On July 27, 2000, we affirmed in an unpublished opinion, United States v. Brown, No. 99-4948, 225 F.3d 655 (table), and decided only the issue of the imposition of the life sentence.1 Brown’s petition for certiorari to the Supreme Court raised two issues:
Whether in light of Apprendi v. New Jersey, 530 U.S. 466, 120 S.Ct. 2348, 147 L.Ed.2d 435 (2000) the United States District Court for the District of South Carolina erred in holding that drug amounts set forth in 21 U.S.C. 841(b) are a sentencing factor rather than an element of the offense.
Whether in light of Apprendi v. New Jersey, 530 U.S. 466, 120 S.Ct. 2348, 147 L.Ed.2d 435 (2000) the United States District Court for the District of South Carolina erred in finding that Patrick Furman Brown committed first degree murder and that the murder was related to the drug conspiracy in applying the cross-reference.
The Supreme Court then, in the case at hand, entered its order of February 20, 2001, 531 U.S. 1136, 121 S.Ct. 1072, 148 L.Ed.2d 950, as follows:
No. 00-6846. Brown v. United States. C.A. 4th Cir. Motion of petitioner for leave to proceed in forma pauperis granted. Certiorari granted, judgment vacated, and case remanded for further consideration in light of Apprendi v. New Jersey, 530 U.S. 466, 120 S.Ct. 2348, 147 L.Ed.2d 435 (2000). Reported below: 225 F.3d 655.

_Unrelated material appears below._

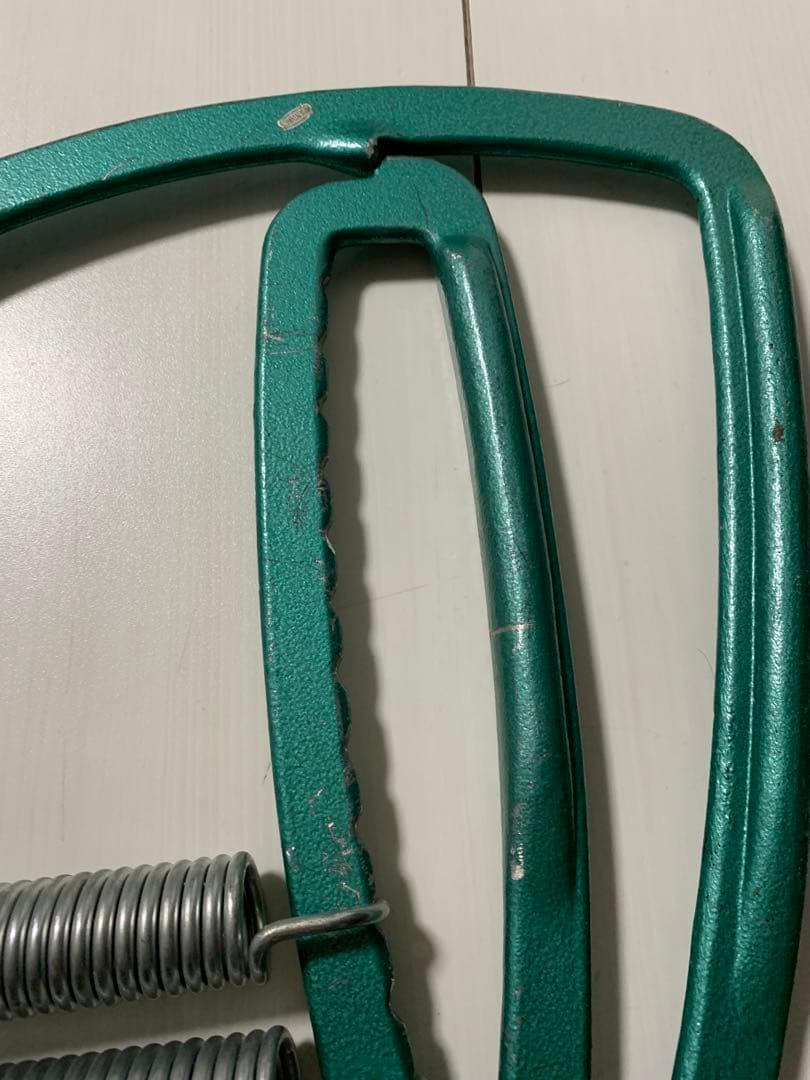 IVANKO スーパーグリッパー　握力計　ハンドグリップ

Although the only question raised on appeal to us was whether or not there was sufficient evidence of premeditation to support the finding of the district court that a first degree murder had occurred in order to apply the cross-reference to first degree murder under the Sentencing Guidelines, we are of opinion that on the facts of this case as related above, Apprendi having been decided on June 26, 2000 and the Apprendi mandate having issued on July 26, 2000, between the sentencing by the district court on December 23, 1999, and our decision on July 27, 2000, the case should have been remanded by us for re-sentencing in the fight of Apprendi under such decisions as United States v. Johnson, 457 U.S. 537, 562, 102 S.Ct. 2579, 73 L.Ed.2d 202 (1982), which held that the law in effect at the time of a decision by an appellate court is the law which should be applied by that court in a criminal case on direct appeal.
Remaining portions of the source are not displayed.